To access the data, you can use ndat, obstime and data

>>> print(parameters.ndat)
468
>>> print(parameters.obstime[0:5])
[datetime.datetime(2010, 10, 5, 5, 41, 37, 812000),
 datetime.datetime(2010, 10, 5, 5, 44, 49, 812000),
 datetime.datetime(2010, 10, 5, 5, 48, 1, 907000),
 datetime.datetime(2010, 10, 5, 5, 51, 13, 875000),
 datetime.datetime(2010, 10, 5, 5, 54, 25, 970000)]
>>> print(parameters.data['Density_P'][0:5])
[ 0.99981284  2.05224562  1.81596529  1.52338517  1.5351398 ]

Same for VEX.

Iteration

Sometimes, you may want to iterate over some period. In such cases, you can consider the following example using irfpy.mima.imaextra.iterparam() or irfpy.vima.imaextra.iterparam().

>>> import irfpy.vima.imaextra
>>> for t, d in irfpy.vima.imaextra.iterparam(t0, t1):
...     print(t, d)
2010-10-05 05:30:37.944000 {'ScanFlag': 1, 'Quality_P': 0.9888113, 'Density_P': 4.522062, ...}
2010-10-05 05:33:49.944000 {'ScanFlag': 1, 'Quality_P': 0.96211284, 'Density_P': 4.9183373, ...}
...
2010-10-09 18:35:36.845000 {'ScanFlag': 1, 'Quality_P': 0.9074254, 'Density_P': 0.8174821, ...}

IMA extra dataset

The IMA extra dataset can be read as follows.

Note

So far only VEX is implemented.

Prepare the time and the module.

>>> from irfpy.vima import imaextra
>>> import datetime
>>> t0 = datetime.datetime(2011, 11, 5, 5)
>>> t1 = datetime.datetime(2011, 11, 5, 6)

Then, you can get the data via irfpy.vima.imaextra.getImaExtra() function. The obtained data is an object of irfpy.vima.imaextra.ImaExtra.

>>> extdata = imaextra.getImaExtra(t0, t1)

You can access the observation times and counts as follows.

>>> tlist = extdata.getobstime()
>>> print(tlist[:5])
[datetime.datetime(2011, 11, 5, 5, 17, 0, 200000),
datetime.datetime(2011, 11, 5, 5, 20, 12, 262000),
datetime.datetime(2011, 11, 5, 5, 23, 24, 262000),
datetime.datetime(2011, 11, 5, 5, 26, 36, 230000),
datetime.datetime(2011, 11, 5, 5, 29, 48, 325000)]

>>> hp = extdata.getHpSpec()
>>> print(hp.shape)   # The shape of the proton spectrum
(16, 96, 16, 14)

The obtained counts are ordered in a standard way (MAEPT order, namely, (A16, E96, P16, T14) in this case. Note that the mass is already selected for proton so there is no corresponding axis.

Heavy ion counts are

>>> op = extdata.getHeavySpec()
>>> print(op.max())    # Maximum counts
259.09006

and the “rest” matrix, namely, the counts that are not assigned to either of the speces, will remain

>>> rest = extdata.getRestRm()
>>> print(rest.shape)    # Rest matrix shape should be (M32, A16, E96, P16, T)
(32, 16, 96, 16, 14)

Iteration

Deprecated since version v4.3.10: Iteration using iterextra <irfpy.vima.imaextra.iterextra() for VEX is now deprecated. Recommend to use iter_imaextra <irfpy.vima.imaextra.iter_imaextra() for VEX.
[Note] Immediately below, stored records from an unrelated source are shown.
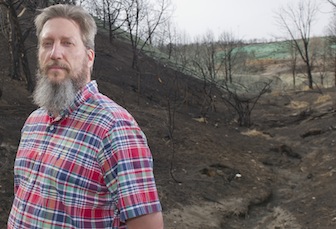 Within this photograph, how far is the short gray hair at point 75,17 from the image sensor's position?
67.6 inches

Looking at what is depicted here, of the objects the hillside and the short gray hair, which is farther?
the hillside

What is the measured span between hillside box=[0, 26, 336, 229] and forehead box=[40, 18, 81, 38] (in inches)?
155

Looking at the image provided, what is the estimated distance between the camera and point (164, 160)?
9.37m

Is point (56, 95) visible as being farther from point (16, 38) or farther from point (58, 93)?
point (16, 38)

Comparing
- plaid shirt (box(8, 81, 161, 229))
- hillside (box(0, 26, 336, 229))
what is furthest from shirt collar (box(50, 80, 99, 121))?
hillside (box(0, 26, 336, 229))

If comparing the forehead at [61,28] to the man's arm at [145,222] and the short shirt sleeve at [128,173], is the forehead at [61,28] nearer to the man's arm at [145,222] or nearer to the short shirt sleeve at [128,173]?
the short shirt sleeve at [128,173]

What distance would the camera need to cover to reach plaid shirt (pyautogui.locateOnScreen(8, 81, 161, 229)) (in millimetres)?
1493

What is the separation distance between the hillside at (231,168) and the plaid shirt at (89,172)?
3787 millimetres

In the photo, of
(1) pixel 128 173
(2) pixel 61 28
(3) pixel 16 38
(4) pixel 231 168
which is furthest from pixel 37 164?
(3) pixel 16 38

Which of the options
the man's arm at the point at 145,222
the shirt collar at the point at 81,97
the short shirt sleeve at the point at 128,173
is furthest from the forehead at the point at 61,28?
the man's arm at the point at 145,222

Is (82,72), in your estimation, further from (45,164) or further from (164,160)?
(164,160)

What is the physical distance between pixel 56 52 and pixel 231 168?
821cm

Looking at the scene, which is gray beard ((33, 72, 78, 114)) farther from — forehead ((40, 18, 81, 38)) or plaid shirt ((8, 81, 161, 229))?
forehead ((40, 18, 81, 38))

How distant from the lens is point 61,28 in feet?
5.62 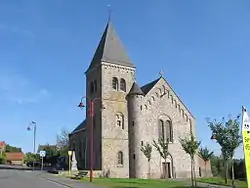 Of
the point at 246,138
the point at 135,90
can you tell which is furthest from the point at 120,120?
the point at 246,138

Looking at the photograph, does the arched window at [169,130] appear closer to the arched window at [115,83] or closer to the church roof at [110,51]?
the arched window at [115,83]

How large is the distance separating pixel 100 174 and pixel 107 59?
16.7 meters

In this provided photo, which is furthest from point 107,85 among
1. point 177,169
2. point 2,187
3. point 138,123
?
point 2,187

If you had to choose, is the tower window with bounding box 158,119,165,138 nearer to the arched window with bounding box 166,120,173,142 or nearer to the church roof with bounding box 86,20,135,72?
the arched window with bounding box 166,120,173,142

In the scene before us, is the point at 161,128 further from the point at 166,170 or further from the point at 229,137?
the point at 229,137

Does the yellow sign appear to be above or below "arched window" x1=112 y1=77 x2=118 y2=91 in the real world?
below

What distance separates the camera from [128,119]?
165ft

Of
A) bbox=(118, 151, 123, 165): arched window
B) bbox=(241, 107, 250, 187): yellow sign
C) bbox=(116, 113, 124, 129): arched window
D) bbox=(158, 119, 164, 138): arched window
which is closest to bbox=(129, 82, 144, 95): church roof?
bbox=(116, 113, 124, 129): arched window

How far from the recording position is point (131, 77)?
5303 cm

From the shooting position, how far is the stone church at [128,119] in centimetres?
4784

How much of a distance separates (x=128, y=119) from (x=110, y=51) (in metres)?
10.9

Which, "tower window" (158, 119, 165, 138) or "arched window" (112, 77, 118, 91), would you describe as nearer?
"tower window" (158, 119, 165, 138)

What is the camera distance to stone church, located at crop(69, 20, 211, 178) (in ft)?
157

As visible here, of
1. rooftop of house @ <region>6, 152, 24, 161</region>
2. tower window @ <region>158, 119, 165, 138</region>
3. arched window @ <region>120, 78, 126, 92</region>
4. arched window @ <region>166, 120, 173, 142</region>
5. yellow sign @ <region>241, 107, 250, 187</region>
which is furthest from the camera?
rooftop of house @ <region>6, 152, 24, 161</region> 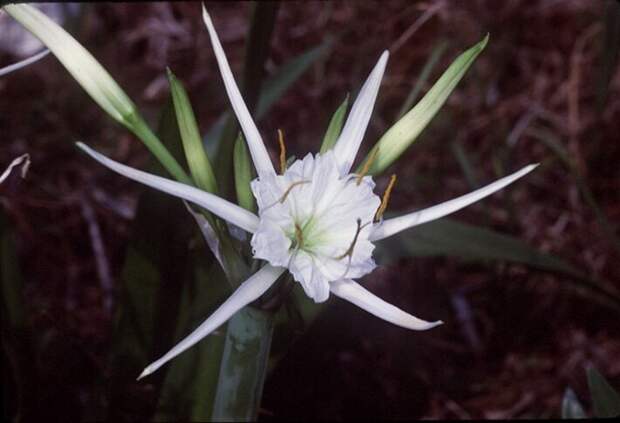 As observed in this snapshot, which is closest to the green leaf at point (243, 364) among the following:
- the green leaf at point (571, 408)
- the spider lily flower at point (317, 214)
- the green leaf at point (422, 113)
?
the spider lily flower at point (317, 214)

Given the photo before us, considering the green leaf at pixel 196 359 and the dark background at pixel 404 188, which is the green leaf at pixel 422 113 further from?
the dark background at pixel 404 188

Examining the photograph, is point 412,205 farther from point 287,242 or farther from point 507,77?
point 287,242

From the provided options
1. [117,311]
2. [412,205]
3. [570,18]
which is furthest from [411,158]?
[117,311]

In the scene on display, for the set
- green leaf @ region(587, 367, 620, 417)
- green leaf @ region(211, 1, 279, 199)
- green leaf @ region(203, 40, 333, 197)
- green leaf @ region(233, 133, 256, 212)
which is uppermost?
green leaf @ region(203, 40, 333, 197)

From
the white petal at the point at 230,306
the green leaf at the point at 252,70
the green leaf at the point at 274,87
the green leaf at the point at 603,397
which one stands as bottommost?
the white petal at the point at 230,306

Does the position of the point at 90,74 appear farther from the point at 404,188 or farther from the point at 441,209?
the point at 404,188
Recipe of changing the code

The following is the old-fashioned way of iteration.

>>> from irfpy.vima.imaextra import iterextra
>>> for t, d in iterextra(t0, t1):
...     hp = d['HpSpec']     # Here data ``d`` is a dictionary containing only the data
...     print(hp.shape)

The obtained hp is the non-standard order of the array.
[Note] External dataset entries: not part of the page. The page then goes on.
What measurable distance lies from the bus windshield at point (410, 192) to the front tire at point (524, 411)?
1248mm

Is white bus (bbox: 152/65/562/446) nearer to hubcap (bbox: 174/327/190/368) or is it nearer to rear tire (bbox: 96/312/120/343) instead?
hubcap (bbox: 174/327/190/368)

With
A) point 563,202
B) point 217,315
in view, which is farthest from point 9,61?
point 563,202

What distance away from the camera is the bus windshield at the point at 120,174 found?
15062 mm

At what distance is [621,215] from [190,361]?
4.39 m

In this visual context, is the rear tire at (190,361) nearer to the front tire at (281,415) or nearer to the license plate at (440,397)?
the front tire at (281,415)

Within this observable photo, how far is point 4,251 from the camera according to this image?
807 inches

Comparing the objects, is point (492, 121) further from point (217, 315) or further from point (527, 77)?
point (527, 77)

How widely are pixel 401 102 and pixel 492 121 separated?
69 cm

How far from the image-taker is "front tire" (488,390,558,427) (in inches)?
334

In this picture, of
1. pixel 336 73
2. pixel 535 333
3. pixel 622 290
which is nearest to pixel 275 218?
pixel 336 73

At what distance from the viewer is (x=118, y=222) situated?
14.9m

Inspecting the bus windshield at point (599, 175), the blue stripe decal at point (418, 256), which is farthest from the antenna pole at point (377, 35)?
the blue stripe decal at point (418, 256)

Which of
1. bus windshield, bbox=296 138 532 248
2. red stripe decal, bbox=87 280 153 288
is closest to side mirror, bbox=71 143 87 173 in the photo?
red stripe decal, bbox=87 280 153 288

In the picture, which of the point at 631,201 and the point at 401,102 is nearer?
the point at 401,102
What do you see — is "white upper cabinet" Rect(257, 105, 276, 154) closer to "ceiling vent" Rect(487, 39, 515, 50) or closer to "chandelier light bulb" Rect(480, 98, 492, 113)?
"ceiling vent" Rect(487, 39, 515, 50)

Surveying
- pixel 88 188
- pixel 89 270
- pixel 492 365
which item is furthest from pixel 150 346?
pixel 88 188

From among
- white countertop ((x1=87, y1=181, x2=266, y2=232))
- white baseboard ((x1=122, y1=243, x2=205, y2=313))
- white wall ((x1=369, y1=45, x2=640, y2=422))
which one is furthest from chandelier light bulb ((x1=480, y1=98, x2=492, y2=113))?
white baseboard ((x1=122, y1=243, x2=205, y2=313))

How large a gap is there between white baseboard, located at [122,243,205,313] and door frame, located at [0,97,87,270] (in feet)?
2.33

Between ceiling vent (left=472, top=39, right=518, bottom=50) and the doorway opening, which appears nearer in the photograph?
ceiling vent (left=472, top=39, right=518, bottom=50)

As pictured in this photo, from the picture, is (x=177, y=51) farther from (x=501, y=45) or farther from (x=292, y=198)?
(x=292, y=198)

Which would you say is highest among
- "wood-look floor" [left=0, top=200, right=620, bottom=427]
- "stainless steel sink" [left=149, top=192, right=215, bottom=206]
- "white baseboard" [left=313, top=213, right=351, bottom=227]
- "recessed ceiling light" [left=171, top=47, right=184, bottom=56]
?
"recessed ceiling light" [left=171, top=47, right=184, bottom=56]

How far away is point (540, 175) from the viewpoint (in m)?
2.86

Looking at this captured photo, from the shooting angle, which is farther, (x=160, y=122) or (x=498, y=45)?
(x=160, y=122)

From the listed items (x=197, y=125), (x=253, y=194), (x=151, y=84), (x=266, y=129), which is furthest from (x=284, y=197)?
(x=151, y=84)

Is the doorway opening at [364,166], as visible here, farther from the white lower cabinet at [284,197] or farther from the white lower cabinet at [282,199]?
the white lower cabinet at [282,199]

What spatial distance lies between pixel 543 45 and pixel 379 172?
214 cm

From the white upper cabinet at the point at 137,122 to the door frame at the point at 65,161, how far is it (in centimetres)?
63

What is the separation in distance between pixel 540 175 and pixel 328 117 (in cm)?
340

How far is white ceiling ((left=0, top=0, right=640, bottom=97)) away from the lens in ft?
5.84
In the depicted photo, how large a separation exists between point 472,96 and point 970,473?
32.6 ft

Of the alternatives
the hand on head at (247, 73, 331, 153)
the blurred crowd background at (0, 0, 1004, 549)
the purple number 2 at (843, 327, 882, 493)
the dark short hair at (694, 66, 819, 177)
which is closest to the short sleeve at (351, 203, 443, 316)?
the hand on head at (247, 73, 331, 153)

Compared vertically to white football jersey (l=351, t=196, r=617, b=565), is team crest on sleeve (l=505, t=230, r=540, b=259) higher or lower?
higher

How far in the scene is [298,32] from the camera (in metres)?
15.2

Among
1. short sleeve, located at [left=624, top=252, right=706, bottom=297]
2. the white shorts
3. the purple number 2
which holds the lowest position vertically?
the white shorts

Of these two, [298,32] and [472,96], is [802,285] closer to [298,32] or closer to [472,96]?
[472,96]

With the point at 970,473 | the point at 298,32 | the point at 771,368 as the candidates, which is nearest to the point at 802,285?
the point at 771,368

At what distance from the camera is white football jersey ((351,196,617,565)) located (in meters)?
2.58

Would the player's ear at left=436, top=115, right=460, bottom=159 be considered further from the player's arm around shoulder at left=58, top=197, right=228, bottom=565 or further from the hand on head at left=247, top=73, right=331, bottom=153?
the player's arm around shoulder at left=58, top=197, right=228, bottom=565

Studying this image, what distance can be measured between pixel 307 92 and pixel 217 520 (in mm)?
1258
The new iteration scheme returns irfpy.vima.imaextra.ImaExtra object.

>>> for t, dnew in iter_imaextra(t0, t1):
...     hpnew = dnew.getHpSpec()     # Here, data ``d`` is ImaExtra object.

hpnew is the standard order, namely, (A16, E96, P16).

Iteration of IMA extra data is done using irfpy.vima.imaextra.iter_imaextra().

>>> for t, d in iter_imaextra(t0, t1):
...     h = d.getHpSpec()     # Here, data ``d`` is ImaExtra object.
...     o = d.getHeavySpec()     # Here, data ``d`` is ImaExtra object.
...     r = d.getRestRm()

Here, you can get the IMA extra data in a form of irfpy.vima.ImaExtra, with which you can control the data more flexible way.

Other dataset

Not yet fully implemented.

For users who want to contribute, let Futaana know.